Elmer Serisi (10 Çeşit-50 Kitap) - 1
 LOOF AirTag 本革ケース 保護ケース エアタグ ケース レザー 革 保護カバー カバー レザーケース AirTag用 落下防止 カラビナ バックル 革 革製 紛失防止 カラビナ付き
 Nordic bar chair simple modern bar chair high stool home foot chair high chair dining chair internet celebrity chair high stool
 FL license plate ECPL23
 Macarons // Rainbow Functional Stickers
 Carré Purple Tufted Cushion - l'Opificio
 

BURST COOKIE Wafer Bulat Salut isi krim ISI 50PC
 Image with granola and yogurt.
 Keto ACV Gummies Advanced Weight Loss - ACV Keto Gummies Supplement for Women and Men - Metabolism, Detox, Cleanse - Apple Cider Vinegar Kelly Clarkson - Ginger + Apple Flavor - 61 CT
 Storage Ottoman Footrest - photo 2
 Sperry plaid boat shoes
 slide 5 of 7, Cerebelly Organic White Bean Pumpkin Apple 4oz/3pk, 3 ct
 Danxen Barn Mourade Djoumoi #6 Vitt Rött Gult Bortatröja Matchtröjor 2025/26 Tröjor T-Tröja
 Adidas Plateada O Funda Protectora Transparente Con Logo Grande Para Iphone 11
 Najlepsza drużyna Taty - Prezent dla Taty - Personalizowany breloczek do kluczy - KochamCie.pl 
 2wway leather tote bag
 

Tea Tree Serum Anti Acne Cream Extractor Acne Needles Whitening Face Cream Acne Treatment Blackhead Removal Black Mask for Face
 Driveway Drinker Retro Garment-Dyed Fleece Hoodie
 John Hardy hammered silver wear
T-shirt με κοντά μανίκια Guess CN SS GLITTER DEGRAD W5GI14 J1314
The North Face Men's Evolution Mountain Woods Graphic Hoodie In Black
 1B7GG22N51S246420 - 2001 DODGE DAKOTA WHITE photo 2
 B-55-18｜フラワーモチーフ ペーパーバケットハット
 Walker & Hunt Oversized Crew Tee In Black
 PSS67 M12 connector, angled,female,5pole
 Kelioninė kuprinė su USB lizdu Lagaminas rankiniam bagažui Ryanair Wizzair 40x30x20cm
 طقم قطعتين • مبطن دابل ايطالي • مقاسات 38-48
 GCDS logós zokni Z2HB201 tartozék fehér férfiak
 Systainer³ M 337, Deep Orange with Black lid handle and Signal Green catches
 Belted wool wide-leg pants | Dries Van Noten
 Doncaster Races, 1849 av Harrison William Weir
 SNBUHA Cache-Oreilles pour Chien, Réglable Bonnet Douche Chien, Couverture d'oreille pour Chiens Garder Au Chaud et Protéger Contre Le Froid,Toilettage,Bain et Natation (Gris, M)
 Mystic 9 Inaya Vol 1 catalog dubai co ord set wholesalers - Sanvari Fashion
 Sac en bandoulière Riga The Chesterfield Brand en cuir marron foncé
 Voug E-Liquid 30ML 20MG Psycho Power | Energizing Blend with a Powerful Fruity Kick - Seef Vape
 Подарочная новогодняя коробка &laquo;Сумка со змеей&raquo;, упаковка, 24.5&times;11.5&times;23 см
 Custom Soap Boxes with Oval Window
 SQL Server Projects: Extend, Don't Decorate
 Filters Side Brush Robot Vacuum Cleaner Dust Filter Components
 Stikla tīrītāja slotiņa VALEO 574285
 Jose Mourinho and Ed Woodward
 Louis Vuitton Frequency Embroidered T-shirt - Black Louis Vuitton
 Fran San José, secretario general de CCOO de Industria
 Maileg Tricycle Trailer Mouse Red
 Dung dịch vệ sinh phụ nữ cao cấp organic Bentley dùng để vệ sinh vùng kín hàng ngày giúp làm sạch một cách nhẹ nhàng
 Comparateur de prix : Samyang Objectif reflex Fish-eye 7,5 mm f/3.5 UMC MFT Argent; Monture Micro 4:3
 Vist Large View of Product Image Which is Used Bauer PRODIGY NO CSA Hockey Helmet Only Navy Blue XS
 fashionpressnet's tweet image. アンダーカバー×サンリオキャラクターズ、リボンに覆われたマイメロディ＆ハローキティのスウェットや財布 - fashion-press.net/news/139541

- - -

### WHAT THE TASK ASKS
Could every entry be given again exactly, with no line skipped?

### REPLY TO THE TASK
Elmer Serisi (10 Çeşit-50 Kitap) - 1
 LOOF AirTag 本革ケース 保護ケース エアタグ ケース レザー 革 保護カバー カバー レザーケース AirTag用 落下防止 カラビナ バックル 革 革製 紛失防止 カラビナ付き
 Nordic bar chair simple modern bar chair high stool home foot chair high chair dining chair internet celebrity chair high stool
 FL license plate ECPL23
 Macarons // Rainbow Functional Stickers
 Carré Purple Tufted Cushion - l'Opificio
 

BURST COOKIE Wafer Bulat Salut isi krim ISI 50PC
 Image with granola and yogurt.
 Keto ACV Gummies Advanced Weight Loss - ACV Keto Gummies Supplement for Women and Men - Metabolism, Detox, Cleanse - Apple Cider Vinegar Kelly Clarkson - Ginger + Apple Flavor - 61 CT
 Storage Ottoman Footrest - photo 2
 Sperry plaid boat shoes
 slide 5 of 7, Cerebelly Organic White Bean Pumpkin Apple 4oz/3pk, 3 ct
 Danxen Barn Mourade Djoumoi #6 Vitt Rött Gult Bortatröja Matchtröjor 2025/26 Tröjor T-Tröja
 Adidas Plateada O Funda Protectora Transparente Con Logo Grande Para Iphone 11
 Najlepsza drużyna Taty - Prezent dla Taty - Personalizowany breloczek do kluczy - KochamCie.pl 
 2wway leather tote bag
 

Tea Tree Serum Anti Acne Cream Extractor Acne Needles Whitening Face Cream Acne Treatment Blackhead Removal Black Mask for Face
 Driveway Drinker Retro Garment-Dyed Fleece Hoodie
 John Hardy hammered silver wear
T-shirt με κοντά μανίκια Guess CN SS GLITTER DEGRAD W5GI14 J1314
The North Face Men's Evolution Mountain Woods Graphic Hoodie In Black
 1B7GG22N51S246420 - 2001 DODGE DAKOTA WHITE photo 2
 B-55-18｜フラワーモチーフ ペーパーバケットハット
 Walker & Hunt Oversized Crew Tee In Black
 PSS67 M12 connector, angled,female,5pole
 Kelioninė kuprinė su USB lizdu Lagaminas rankiniam bagažui Ryanair Wizzair 40x30x20cm
 طقم قطعتين • مبطن دابل ايطالي • مقاسات 38-48
 GCDS logós zokni Z2HB201 tartozék fehér férfiak
 Systainer³ M 337, Deep Orange with Black lid handle and Signal Green catches
 Belted wool wide-leg pants | Dries Van Noten
 Doncaster Races, 1849 av Harrison William Weir
 SNBUHA Cache-Oreilles pour Chien, Réglable Bonnet Douche Chien, Couverture d'oreille pour Chiens Garder Au Chaud et Protéger Contre Le Froid,Toilettage,Bain et Natation (Gris, M)
 Mystic 9 Inaya Vol 1 catalog dubai co ord set wholesalers - Sanvari Fashion
 Sac en bandoulière Riga The Chesterfield Brand en cuir marron foncé
 Voug E-Liquid 30ML 20MG Psycho Power | Energizing Blend with a Powerful Fruity Kick - Seef Vape
 Подарочная новогодняя коробка &laquo;Сумка со змеей&raquo;, упаковка, 24.5&times;11.5&times;23 см
 Custom Soap Boxes with Oval Window
 SQL Server Projects: Extend, Don't Decorate
 Filters Side Brush Robot Vacuum Cleaner Dust Filter Components
 Stikla tīrītāja slotiņa VALEO 574285
 Jose Mourinho and Ed Woodward
 Louis Vuitton Frequency Embroidered T-shirt - Black Louis Vuitton
 Fran San José, secretario general de CCOO de Industria
 Maileg Tricycle Trailer Mouse Red
 Dung dịch vệ sinh phụ nữ cao cấp organic Bentley dùng để vệ sinh vùng kín hàng ngày giúp làm sạch một cách nhẹ nhàng
 Comparateur de prix : Samyang Objectif reflex Fish-eye 7,5 mm f/3.5 UMC MFT Argent; Monture Micro 4:3
 Vist Large View of Product Image Which is Used Bauer PRODIGY NO CSA Hockey Helmet Only Navy Blue XS
 fashionpressnet's tweet image. アンダーカバー×サンリオキャラクターズ、リボンに覆われたマイメロディ＆ハローキティのスウェットや財布 - fashion-press.net/news/139541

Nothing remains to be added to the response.